In his hagiographical work Dialogues Saint Gregory the Great seems to place the central focus of this work on one man: Saint Benedict of Nursia. Though only book two is specifically dedicated to telling Benedict’s story. It is nonetheless quite clear that all the other lives contained in the Dialogues only partially meet the requirements of holiness and that they are perfected in the man “blessed by grace and blessed by name” (benedictus = blessed).
Even today Saint Benedict continues to bless the lives of many. Benedictine congregations have spread around the world and many spiritual seekers have joined themselves to a particular monastery as Oblates of St. Benedict. Even in our own Anglican Catholic Church (ACC) there may be found a significant number of Oblates of St. Benedict (the ACC does not lack Oblates but is painfully short on Benedictine Monastics).
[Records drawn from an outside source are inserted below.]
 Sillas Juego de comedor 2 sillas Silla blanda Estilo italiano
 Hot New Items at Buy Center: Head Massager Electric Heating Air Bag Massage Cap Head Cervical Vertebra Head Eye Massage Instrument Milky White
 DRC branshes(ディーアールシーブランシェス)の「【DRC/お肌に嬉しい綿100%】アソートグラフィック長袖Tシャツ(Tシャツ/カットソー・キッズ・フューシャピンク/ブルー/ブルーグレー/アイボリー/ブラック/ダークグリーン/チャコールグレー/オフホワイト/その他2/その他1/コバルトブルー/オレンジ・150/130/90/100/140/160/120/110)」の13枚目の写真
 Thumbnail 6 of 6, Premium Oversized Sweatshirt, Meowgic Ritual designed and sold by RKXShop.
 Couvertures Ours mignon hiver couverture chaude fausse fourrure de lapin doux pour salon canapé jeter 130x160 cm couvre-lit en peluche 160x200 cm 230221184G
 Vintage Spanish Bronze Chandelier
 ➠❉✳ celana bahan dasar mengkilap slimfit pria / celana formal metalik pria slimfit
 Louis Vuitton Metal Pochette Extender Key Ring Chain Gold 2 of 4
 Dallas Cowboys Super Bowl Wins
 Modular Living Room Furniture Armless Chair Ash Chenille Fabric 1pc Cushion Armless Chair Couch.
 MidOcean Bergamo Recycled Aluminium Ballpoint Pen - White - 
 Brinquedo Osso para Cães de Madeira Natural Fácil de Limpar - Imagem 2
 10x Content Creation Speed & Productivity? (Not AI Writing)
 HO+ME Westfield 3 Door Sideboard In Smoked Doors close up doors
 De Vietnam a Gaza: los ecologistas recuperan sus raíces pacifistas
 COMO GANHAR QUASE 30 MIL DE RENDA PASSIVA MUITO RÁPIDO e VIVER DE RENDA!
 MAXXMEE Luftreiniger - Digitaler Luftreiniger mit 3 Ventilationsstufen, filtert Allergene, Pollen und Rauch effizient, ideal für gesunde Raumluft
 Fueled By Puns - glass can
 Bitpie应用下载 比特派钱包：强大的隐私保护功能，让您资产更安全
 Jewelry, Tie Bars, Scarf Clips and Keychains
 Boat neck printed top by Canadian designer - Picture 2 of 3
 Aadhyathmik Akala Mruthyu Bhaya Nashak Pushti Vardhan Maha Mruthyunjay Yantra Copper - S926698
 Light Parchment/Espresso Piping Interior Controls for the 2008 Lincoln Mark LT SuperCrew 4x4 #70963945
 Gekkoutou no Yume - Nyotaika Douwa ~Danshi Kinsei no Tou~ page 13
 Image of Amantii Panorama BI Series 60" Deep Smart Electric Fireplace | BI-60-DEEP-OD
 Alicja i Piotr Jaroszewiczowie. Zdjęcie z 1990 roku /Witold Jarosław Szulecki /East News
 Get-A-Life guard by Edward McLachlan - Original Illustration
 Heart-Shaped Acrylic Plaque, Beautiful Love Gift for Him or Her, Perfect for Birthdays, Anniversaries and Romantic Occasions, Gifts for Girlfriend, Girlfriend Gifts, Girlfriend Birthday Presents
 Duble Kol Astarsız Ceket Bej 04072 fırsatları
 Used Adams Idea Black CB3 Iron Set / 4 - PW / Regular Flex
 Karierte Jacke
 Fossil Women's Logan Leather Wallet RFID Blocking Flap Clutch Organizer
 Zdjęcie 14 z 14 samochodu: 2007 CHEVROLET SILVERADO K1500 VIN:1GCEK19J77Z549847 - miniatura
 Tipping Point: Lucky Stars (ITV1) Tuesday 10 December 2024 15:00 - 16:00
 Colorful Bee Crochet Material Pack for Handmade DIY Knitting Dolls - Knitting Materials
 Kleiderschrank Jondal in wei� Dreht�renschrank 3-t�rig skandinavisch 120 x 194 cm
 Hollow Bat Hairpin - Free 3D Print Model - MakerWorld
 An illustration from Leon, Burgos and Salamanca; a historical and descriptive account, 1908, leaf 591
Those of us who take the Holy Rule as a meaningful guide to life would do well to consider a phrase from the closing chapter of the Rule. In Chapter 73 our Father Benedict writes something of absolutely crucial importance. It is worth quoting him here:
But for anyone hastening on to the perfection of monastic life, there are the teachings of the holy Fathers, the observance of which will lead them to the very heights of perfection.
There is much to be unpacked in this terse but extremely rich passage. What is a monastic life? A life lived in a monastery? The life of a hermit in the desert? One will surely be pardoned for making this erroneous assumption. St. Macarius the Great, as Fr. Bunge informs us (Auf den Spuren der Heiligen Väter, p. 16) that a monastic is one who continuously (night and day) converses with God, is oriented primarily toward God, and owns nothing in this world. In other words a monastic is one that is always and all times times fully receptive toward God, places God first at all times and in everything, and is not unduly attached (enslaved) by things.
Who are the holy Fathers? and what are their teachings? St. Benedict is quite clear. The holy Fathers are the biblical authors, as well as Sts. John Cassian, Basil (the Great) and other holy Catholic Fathers. Here Benedict points to the tradition which goes back to Origen as his doctrines were understood and practiced by the Desert Fathers (of 4th century Egypt). Their teaching is simply Christianity which requires the shedding of vice and adoption of virtue, knowing God by mediation of Scripture and creation, knowing God intimately without mediation. Christianity is a way of life where the biblical pattern of liberation from Egypt, trial in the desert, crossing into Judah, entering Jerusalem, and climbing mount Sion are lived by each. Each biblical place and story is as it were a guide from the world of sin, sickness, and death (Egypt) to intimate union with the Trinity (mount Sion). This way of life is Christian because our Lord says I am the Way (John 14, 6).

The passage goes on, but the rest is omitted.